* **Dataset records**
[Start of section]

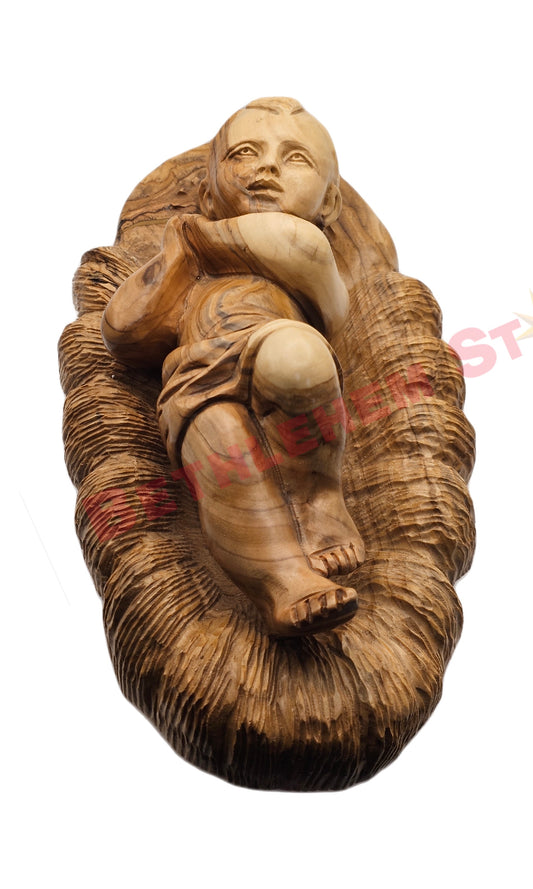 Olive wood hand carved 13" Baby Jesus in Manger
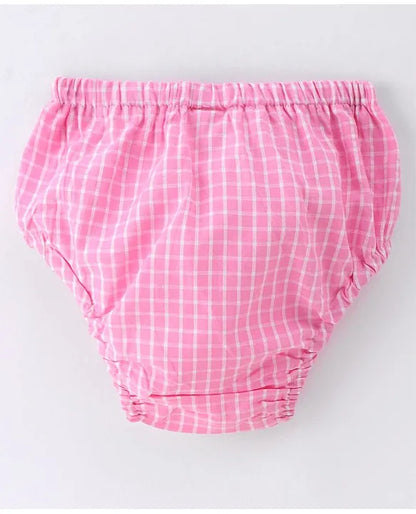 ToffyHouse 100% Woven Cotton Frill Sleeves Yarn Dyed Checks Frock with Panty - Pink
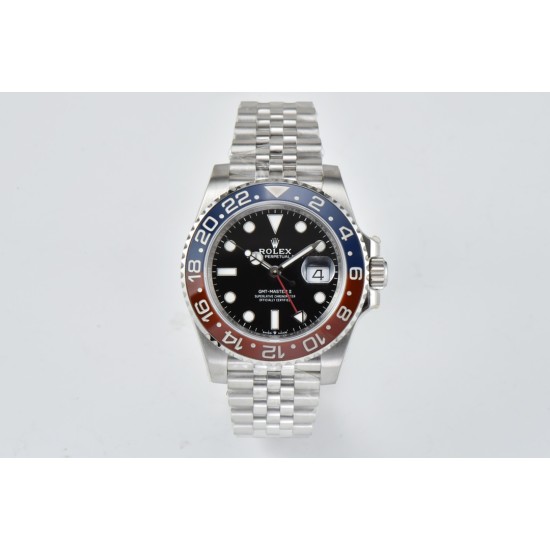 Rolex-GMT II 126710 Pepsi Jub 40mm SS/SS Black Clean V3 DD3285 Super Clone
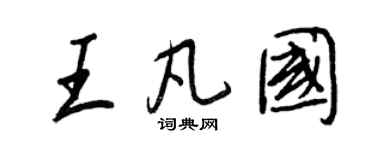王正良王凡國行書個性簽名怎么寫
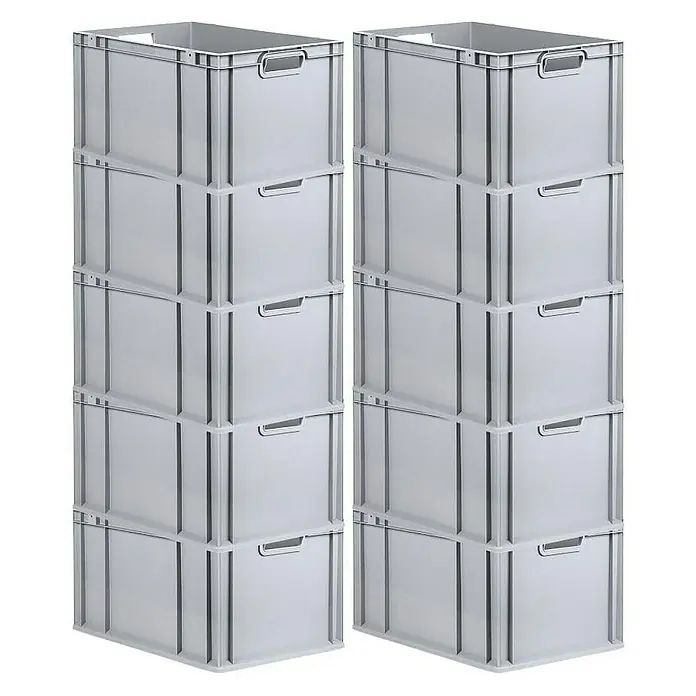 Proregal Euroboxen-Set 10x Eurobox NextGen Economy mit Scharnierdeckel und gelben Verschlüssen - L x B x H: 60 x 40 x 32 cm, Kunststoff, Grau, 10 Stk. - Zwei Stapel grauer Kunststoffbehälter mit Griffen. Die Boxen sind übereinander gestapelt und bieten Stauraum.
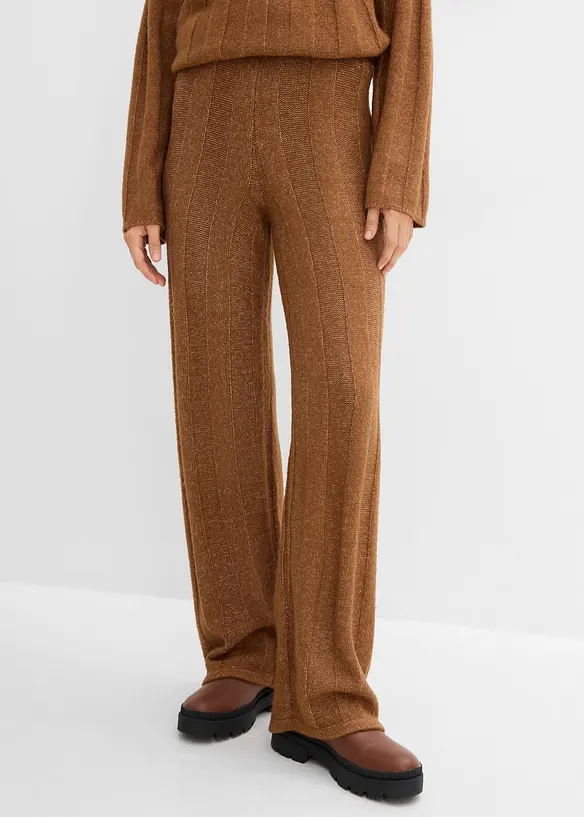 Hose aus Rippstrick in braun von vorne - bonprix Hose aus Rippstrick in braun von vorne - bonprix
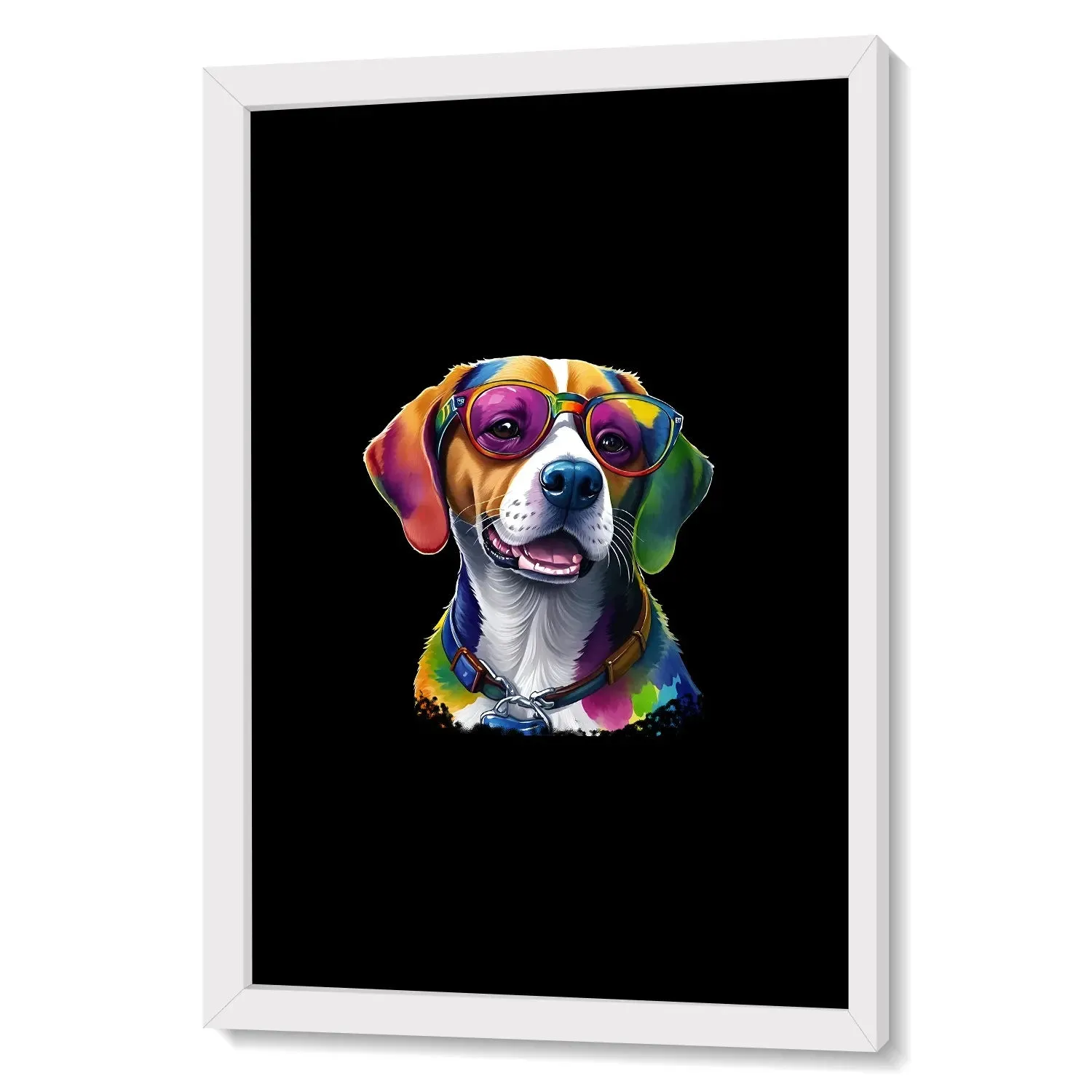 Colorful Dog With Glasses Framed Poster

[End of section]

* **Action item**
Although pictures appear among the records above, none are to be output; print exactly the lines from the line containing "ToffyHouse 100% Woven" through the line containing "Proregal Euroboxen-Set 10x".

* **Answer area**
 ToffyHouse 100% Woven Cotton Frill Sleeves Yarn Dyed Checks Frock with Panty - Pink
 Rolex-GMT II 126710 Pepsi Jub 40mm SS/SS Black Clean V3 DD3285 Super Clone
王正良王凡國行書個性簽名怎么寫
 Proregal Euroboxen-Set 10x Eurobox NextGen Economy mit Scharnierdeckel und gelben Verschlüssen - L x B x H: 60 x 40 x 32 cm, Kunststoff, Grau, 10 Stk. - Zwei Stapel grauer Kunststoffbehälter mit Griffen. Die Boxen sind übereinander gestapelt und bieten Stauraum.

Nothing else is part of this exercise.